On 14.08.20 04:59, Hemal Pandya wrote:
> (sorry for bad formatting, not quite sure how quoating works so I have
> copied your response manually)
>
> Thanks again.
>
> > When a sender thread is blocked, it doesn't get any credits from a (or
> all) receiver(s), therefore you need to look at the stack dumps of *all*
> threads in the cluster, to see which one is stuck.
>
> I will try to get successive stackdumps from all nodes in cluster. I
> will try to compare them to see if I can identify which receiver threads
> are stuck.
>
> > If none of them is blocked (which I assume), then another possibility is
> that your senders continually send messages faster than the receivers
> can process them. If this case, you will see many senders blocked on
> Channel.send(), but that should be a temporary condition.
>
> There is indeed very high volume. But the condition is not temporary,
> successive stackdumps show all the sender threads in the same state.

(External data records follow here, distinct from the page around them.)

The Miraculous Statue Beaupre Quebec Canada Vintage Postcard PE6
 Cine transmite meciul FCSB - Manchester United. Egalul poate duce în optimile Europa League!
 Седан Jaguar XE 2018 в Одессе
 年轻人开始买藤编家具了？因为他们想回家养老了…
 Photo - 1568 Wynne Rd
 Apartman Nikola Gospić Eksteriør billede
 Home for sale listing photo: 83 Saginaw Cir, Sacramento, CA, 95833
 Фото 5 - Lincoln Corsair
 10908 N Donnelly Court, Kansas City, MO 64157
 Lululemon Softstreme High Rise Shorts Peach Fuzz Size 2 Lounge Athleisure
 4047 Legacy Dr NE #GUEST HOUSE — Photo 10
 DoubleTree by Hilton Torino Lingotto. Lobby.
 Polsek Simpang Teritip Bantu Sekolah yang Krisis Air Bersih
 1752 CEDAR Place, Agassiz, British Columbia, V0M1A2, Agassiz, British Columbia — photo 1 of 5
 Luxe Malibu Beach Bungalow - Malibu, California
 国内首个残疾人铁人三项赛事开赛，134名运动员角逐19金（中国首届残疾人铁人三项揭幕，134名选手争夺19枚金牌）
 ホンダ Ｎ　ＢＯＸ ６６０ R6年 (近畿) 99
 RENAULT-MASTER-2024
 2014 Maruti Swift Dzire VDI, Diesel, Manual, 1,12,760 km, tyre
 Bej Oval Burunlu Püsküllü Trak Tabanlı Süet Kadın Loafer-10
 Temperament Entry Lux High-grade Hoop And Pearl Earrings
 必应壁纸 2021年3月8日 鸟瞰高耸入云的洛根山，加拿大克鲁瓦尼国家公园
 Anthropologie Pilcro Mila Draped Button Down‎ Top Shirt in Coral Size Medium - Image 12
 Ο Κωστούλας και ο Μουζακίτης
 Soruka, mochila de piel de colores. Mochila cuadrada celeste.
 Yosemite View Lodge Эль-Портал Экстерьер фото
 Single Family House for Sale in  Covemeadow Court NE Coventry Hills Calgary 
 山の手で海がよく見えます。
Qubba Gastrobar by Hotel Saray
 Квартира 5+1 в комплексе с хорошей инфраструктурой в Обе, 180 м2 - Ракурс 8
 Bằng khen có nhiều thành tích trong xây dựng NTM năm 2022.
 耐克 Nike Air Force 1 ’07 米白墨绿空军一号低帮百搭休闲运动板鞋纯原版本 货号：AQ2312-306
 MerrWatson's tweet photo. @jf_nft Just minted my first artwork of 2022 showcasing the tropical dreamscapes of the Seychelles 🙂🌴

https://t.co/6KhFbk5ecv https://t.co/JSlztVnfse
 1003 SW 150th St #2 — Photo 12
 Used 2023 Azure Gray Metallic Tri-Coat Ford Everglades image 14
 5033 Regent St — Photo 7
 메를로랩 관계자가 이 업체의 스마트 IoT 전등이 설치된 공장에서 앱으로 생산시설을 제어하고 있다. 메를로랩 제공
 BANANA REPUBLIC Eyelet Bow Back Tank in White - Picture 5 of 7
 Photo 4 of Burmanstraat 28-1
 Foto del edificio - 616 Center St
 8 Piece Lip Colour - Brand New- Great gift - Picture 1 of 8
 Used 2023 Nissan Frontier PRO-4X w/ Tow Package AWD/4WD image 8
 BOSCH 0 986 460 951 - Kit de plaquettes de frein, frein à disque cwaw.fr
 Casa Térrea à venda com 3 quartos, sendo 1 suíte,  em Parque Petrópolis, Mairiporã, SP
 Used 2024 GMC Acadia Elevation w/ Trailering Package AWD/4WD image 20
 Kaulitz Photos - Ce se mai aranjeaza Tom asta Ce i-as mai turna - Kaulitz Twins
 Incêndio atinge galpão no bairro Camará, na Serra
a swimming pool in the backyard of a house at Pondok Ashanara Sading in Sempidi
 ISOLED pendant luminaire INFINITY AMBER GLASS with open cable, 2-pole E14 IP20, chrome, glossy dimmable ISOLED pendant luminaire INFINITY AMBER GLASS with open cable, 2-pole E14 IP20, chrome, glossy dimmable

Could be that they block on almost every message, then unblock for
sending, then block again. If they block for most of the time, that
would be what you see in stack dumps.
You could look at this with probe.sh, e.g. probe.sh jmx=MFC_NB /
jmx=UFC_NB, and then look at the number of blockings / total,avg time
blocked
> Another relevant point is that logs show a lot of transient network
> drops (host not found messages). Can this result in some condition so
> that the sending threads are permanently blocked?
Yes. If you have {A,B,C,D,E}, and there is an issue with D (e.g. route
to it dropped, or NIC went bad), then multicasts will work until there
are no credits left for D. Everybody will block until (1) D sends
credits (which won't happen) or (2) D is suspected and excluded from the
group.
(2) depends largely on your failure detection protocols and configuration.